About a month ago, our family faced a tough choice: Our dog, after routine surgery, developed a stricture in her esophagus so severe she couldn’t eat or drink. She threw up in our yard. She gagged while eating grass to try to settle her stomach. For thousands of dollars, we could sedate her to perform an endoscopy followed by one or more balloon dilations with no guarantees, said the surgeon, or, given that our dog was past her life expectancy, we could put her to sleep.

Before my husband’s mother died, I would have fought for our pet’s life. But through her eyes, I understand there is a time to let go. As my father-in-law, a veterinarian, explained it, “Often, clients ask me to do whatever I can to save their pet’s life. Then, they come back six months later, enraged at their pet because it can no longer control its bladder. Let go while the memories are good.” It wasn’t fair to prolong her life, and the pain and stress that would come with it, because we weren’t ready to let go.

Our eldest chose to join us while we put our dog to sleep. He held her head and spoke to her til she passed on. While in pain, he was also able to find peace. Here’s how we prepared our children for her death.

Acknowledge Their Fears

My husband and I listened to their concerns to learn their beliefs and the thoughts they struggled with. That made it easier for us to address their fears—each child, at a different developmental stage, had different ones—rather than expose them to ours.

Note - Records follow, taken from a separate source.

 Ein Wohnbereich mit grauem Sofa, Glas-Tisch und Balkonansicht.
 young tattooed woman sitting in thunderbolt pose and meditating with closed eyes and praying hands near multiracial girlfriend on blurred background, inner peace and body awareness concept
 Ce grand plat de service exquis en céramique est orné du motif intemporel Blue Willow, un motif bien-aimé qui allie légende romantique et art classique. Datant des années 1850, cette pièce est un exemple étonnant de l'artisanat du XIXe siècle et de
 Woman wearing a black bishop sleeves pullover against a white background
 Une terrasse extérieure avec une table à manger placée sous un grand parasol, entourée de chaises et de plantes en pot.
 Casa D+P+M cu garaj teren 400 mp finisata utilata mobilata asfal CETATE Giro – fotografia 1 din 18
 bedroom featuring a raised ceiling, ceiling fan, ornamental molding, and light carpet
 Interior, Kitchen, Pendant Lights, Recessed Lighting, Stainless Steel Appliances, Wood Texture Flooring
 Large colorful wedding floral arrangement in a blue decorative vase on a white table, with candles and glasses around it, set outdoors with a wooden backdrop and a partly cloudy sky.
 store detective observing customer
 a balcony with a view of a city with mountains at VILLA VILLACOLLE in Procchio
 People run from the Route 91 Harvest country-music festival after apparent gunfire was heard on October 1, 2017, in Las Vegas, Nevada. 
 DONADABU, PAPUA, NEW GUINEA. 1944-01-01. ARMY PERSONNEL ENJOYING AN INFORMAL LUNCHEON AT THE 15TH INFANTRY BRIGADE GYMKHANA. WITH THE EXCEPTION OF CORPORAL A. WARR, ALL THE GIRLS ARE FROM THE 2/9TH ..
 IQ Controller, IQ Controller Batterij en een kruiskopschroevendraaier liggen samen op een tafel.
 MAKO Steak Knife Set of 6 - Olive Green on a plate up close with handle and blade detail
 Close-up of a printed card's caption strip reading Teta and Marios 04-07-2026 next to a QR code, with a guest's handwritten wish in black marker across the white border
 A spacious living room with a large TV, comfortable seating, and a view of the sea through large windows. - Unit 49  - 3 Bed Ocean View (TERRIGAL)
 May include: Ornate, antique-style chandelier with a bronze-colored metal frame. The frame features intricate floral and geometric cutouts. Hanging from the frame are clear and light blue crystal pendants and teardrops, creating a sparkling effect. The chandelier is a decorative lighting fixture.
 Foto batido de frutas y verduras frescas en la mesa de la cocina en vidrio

Teach Your Children That Life Is a Cycle

When my mother-in-law died, we talked about her life. Her death was one moment; it didn’t define the joy she brought us, but was simply a transition that brought her full circle, like the butterflies they had learned about in school.

Death Does Not Have to Bring On Pain

We included our children in our discussion about whether or not to put our dog to sleep. We talked about how her arthritic body created pain, how freeing her from this body would remove her pain.

Talk About Passing

They needed outlets for their grief. Our kids baked clay paw prints of our dog to preserve their memories of her.

Practice Gratitude

Grief ebbs and flows. We share memories of both our mother-in-law and our dog at the dinner table to make sure the conversation continues to flow. We remember what we’re thankful for: the joy they brought into our life.